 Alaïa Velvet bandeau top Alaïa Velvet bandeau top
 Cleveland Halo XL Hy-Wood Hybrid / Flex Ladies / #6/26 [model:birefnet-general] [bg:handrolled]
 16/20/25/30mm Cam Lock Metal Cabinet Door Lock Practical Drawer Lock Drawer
****************
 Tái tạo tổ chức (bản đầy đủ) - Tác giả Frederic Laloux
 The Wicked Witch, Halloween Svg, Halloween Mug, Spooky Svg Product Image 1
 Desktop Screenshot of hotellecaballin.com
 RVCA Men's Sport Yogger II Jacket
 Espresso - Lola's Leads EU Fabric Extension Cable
****************
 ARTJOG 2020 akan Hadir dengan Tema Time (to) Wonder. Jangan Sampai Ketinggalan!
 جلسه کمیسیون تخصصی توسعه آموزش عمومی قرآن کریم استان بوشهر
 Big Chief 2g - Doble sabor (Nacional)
****************
◆ **Work to complete**
Return word for word the lines above from the line with "RVCA Men's Sport Yogger II Jacket" to the line with "Espresso - Lola's", including both and leaving out all others.

◆ **Exercise solution**
 RVCA Men's Sport Yogger II Jacket
 Espresso - Lola's Leads EU Fabric Extension Cable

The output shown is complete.